The start of this school year has gone very smoothly for us here at SPS. We had many districts join us this year from several new states. We started new partnerships with several schools that have never deleted any of their accounts from their local Active Directory or their Google Admin Console. This can be quite a challenge when trying to match up currently enrolled students and turn on Google Cloud Directory Sync with Google.

This challenge prompted the March blog titled, “To Delete or Not Delete”.
However, this is only part of the picture. Since Google grants schools unlimited storage, it is tempting to keep all accounts forever, but this can create problems if your naming standard isn’t guaranteed to be unique at all times with all students. Most are not, but there are some that will pass this test. There is more to be said on this subject from our April blog post "Student Account Naming Standards".

 

Finding the balance 

So, if you aren’t going to keep them forever, you need to delete them at some point, but it probably is not immediately upon a student or staff member leaving the district or graduating. Students that withdraw from school, very often come back. The time that they are away can range from a few days to more than a year, sometimes several years. Because Google grants unlimited storage, we want to try to find the balance that allows a student to come back and find all of their data, projects, and creations right where they left them, and keeping the aforementioned items forever.

 

Compliance

Ideally, your district should have a records retention policy that governs how long you will keep data. This would apply to staff and students, but you may have a different period defined for each of them. Whatever your Board of Education policy says is precisely what you should do. You can be out of compliance for not keeping data, but you are also out of compliance if you say that you are keeping it for three years and you actually keep it for five years. You must follow your policy.

 

SPS adds new feature, and it's FREE for customers


This brings us to the point of this month’s article. If you are planning to keep student accounts for three years, you must have a way to identify accounts that have been inactive for three years so that you could know which ones to delete to comply with your policy. Student Provisioning Services hadn’t addressed this in the past, but we have just added a new feature specifically to solve this problem. There is no additional cost; this is part of our commitment to service and adapting to the needs of our customers.

There are two parts to our solution, and they must be executed carefully. If you have been organizing your students by the year that they graduated, you are ahead of the game. You have not have addressed students that withdrew from school. We want to deal with both. We have developed a PowerShell script that will sweep all OU’s under a base DN and move them to a defined OU. We recommend that you have a “Disabled Users” OU and then put a year OU under that. If you have never done this before, we would put them all in OU=2018 for everything that was disabled last school year. After the cleanup has been done, SPS can define an OU for “Disabled Users” and will move any disabled user into this OU when they are disabled by our process (identified as an inactive student). We will organize them by school year so that when we roll up to the next school year, we will automatically start archiving to a new OU.

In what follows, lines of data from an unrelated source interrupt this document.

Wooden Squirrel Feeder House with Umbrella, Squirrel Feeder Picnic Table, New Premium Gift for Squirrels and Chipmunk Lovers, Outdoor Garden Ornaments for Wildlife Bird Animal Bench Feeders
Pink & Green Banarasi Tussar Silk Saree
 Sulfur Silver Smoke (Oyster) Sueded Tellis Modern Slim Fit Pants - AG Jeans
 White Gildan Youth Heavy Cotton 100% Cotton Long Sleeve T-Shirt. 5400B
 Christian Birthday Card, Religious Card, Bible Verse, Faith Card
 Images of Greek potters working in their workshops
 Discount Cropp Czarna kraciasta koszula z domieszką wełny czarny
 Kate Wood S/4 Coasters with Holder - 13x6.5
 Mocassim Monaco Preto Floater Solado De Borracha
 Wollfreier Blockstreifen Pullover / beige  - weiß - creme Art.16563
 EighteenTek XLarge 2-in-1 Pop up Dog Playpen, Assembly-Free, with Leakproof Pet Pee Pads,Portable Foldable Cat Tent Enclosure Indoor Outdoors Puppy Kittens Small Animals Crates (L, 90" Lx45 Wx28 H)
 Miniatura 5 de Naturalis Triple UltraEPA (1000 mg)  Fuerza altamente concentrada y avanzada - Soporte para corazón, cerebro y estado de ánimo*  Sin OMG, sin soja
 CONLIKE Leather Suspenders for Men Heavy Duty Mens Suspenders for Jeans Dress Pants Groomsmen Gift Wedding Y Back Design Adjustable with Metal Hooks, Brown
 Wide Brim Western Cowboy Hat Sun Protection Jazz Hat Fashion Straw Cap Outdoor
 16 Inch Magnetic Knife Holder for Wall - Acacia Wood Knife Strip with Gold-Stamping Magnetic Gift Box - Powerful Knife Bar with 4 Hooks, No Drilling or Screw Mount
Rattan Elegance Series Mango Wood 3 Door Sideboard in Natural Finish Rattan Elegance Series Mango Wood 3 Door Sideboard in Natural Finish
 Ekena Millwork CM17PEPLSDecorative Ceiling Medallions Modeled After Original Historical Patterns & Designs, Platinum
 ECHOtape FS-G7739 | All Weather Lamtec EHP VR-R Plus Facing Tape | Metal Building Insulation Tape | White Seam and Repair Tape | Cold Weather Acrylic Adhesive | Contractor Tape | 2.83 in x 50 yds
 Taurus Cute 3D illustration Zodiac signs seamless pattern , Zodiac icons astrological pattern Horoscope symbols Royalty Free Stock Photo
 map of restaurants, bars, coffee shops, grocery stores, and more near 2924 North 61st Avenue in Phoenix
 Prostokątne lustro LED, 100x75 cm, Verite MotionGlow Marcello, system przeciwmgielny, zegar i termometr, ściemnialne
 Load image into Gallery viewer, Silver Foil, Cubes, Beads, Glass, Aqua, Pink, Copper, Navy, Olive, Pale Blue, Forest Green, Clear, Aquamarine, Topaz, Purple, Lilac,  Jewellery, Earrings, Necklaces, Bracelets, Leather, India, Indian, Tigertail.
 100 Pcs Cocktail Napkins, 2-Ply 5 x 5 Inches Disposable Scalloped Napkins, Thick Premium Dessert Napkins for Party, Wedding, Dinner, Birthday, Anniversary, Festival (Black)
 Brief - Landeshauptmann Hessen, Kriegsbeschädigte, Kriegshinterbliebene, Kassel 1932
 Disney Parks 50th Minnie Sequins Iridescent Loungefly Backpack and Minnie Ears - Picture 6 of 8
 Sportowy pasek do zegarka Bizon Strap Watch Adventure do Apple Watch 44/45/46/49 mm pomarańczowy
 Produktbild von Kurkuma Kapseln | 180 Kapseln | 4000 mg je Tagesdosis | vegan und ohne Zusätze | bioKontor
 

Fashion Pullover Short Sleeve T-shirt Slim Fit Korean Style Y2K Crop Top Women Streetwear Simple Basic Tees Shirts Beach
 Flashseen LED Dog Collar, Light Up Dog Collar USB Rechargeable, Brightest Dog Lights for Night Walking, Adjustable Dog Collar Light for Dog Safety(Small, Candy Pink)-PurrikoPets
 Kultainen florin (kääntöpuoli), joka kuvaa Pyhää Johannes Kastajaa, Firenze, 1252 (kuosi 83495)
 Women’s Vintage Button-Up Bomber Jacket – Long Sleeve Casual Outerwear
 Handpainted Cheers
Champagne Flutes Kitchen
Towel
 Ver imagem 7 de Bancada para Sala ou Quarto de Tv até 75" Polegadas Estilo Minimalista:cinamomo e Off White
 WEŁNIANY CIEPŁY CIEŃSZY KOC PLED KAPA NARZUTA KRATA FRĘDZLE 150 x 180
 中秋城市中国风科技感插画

This process allows you to clearly know when an account was disabled and when it is safe to be deleted. If at any time, a student returns to active status, we will move the account back into the normal OU structure for active students. Click here to read more about Google OU and automation.

 

Safety Check

It is important to know that we have a safety check in our process that allows a district to disable an account while a disciplinary hearing is pending manually. If district staff manually disables the account, SPS will NOT enable this account even when it returns to an active status. However, if SPS disabled the account because they moved to an inactive status, we will enable that account and push it back into a regular OU if they return to an active enrollment status. We have found that this is the best possible way to handle these circumstances.